[OS X TeX] Creating a dvi file

Bruno Voisin bvoisin at mac.com
Mon Apr 16 12:08:24 EDT 2007


Le 16 avr. 07 à 16:44, Peter Dyballa a écrit :

> Partly. The non-PS or non-EPS image is included in the DVI file in  
> some special. If then dvips is used to convert the DVI file to PS,  
> an unusable file is created because Ghostscript and PostScript  
> cannot handle non-PS or non-EPS images.

I just did a quick test:

- Assume you've got TeXLive-2007 installed.
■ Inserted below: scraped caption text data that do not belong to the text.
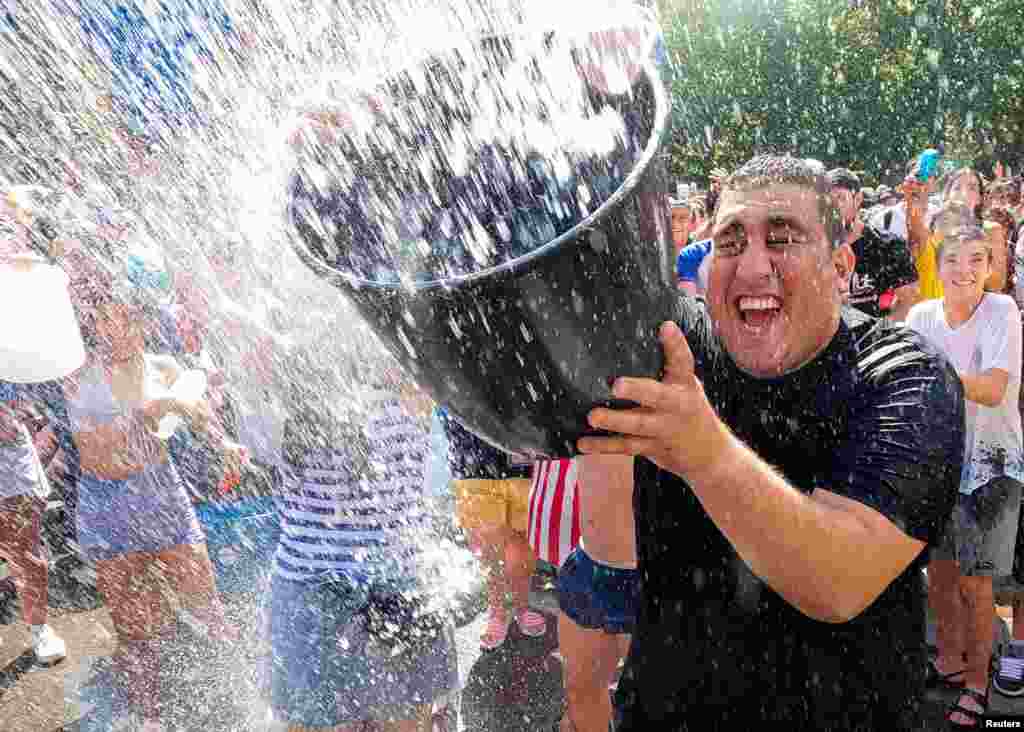 Revelers take part in the annual "Naval Battle" of Vallecas in Madrid, Spain.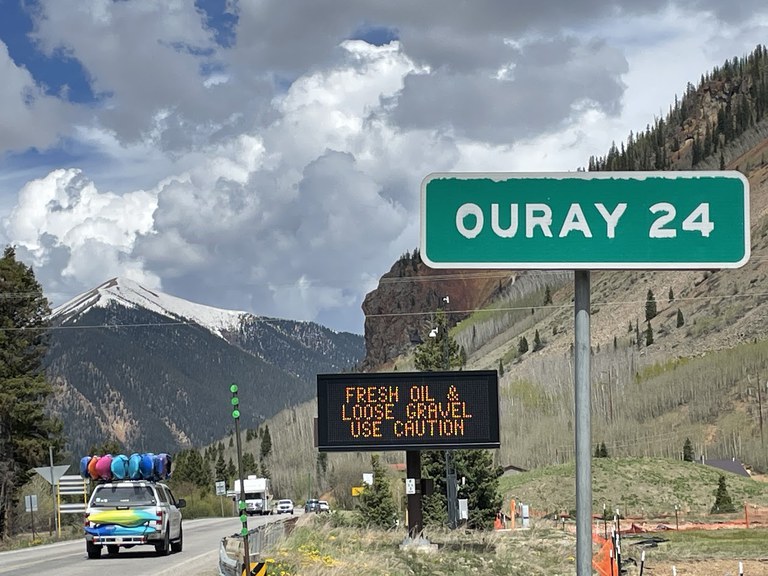 Chip Seal Operations on US 550 Red Mountain Pass between Silverton and Ouray. A Variable Message Sign (VMS) says Fresh Oil & Loose Gravel Use Caution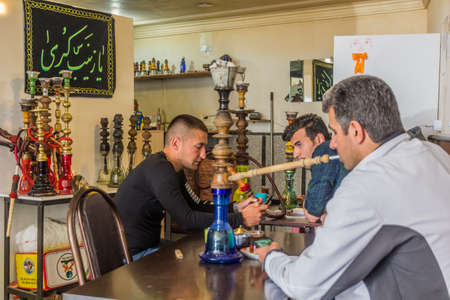 ARDABIL, IRAN - APRIL 11, 2018: Local people with waterpipes in a tea house in Ardabil, Iran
If so, then  
simpdftex_dpmx is there already, at

	/usr/local/texlive/2007/bin/i386-darwin/simpdftex_dpmx
	/usr/local/texlive/2007/bin/powerpc-darwin/simpdftex_dpmx

- Edit TeXShop's preference Engine > TeX + dvips + distiller > Latex  
Program, from

	simpdftex latex --maxpfb

to

	simpdftex_dpmx latex --dpx --maxpfb

- In TexShop's Typeset menu, make sure "TeX and Ghostscript" is  
selected.

That's it! All you have to do is then create a PNG file  
testimage.png, and a LaTeX file testlatex.tex containing

\documentclass{article}
\usepackage[dvipdfmx]{graphicx}
\begin{document}
\includegraphics{testimage.png}
\end{document}

and typeset this file in TeXShop, having selected the LaTeX engine.

There's one annoying problem, though: for each .png, .jpg and .pdf  
file that it attempts to include, LaTeX expects to find a  
matching .bb file containing bounding box information for that file.  
Otherwise LaTeX will complain and then stop. There may be utilities  
to create such .bb files from the original .png, .jpg and .pdf files,  
but I'm not aware of them.

I tried to specify a fake bounding box myself, in the form:

\includegraphics[bb=0 0 12cm 15cm]

The graphics is indeed included and visible in TeXShop's Preview  
window, but not exactly as one would expect: the above bounding box  
info does not seem influence the portion of the image displayed, but  
the size and proportions of this image in the LaTeX output.

More clearly, with [bb=0 0 12cm 15cm] I was expecting the "left-most"  
12 cm and "bottom-most" 15 cm of the image to be displayed in the  
output, with their natural proportions. Indeed, it seems the whole of  
the image is displayed, elongated vertically such that it is 12 cm  
wide and 15 cm tall in the output.

I'll have to stop looking at this, but I hope the above info will be  
enough to allow others to look at the problem into more details.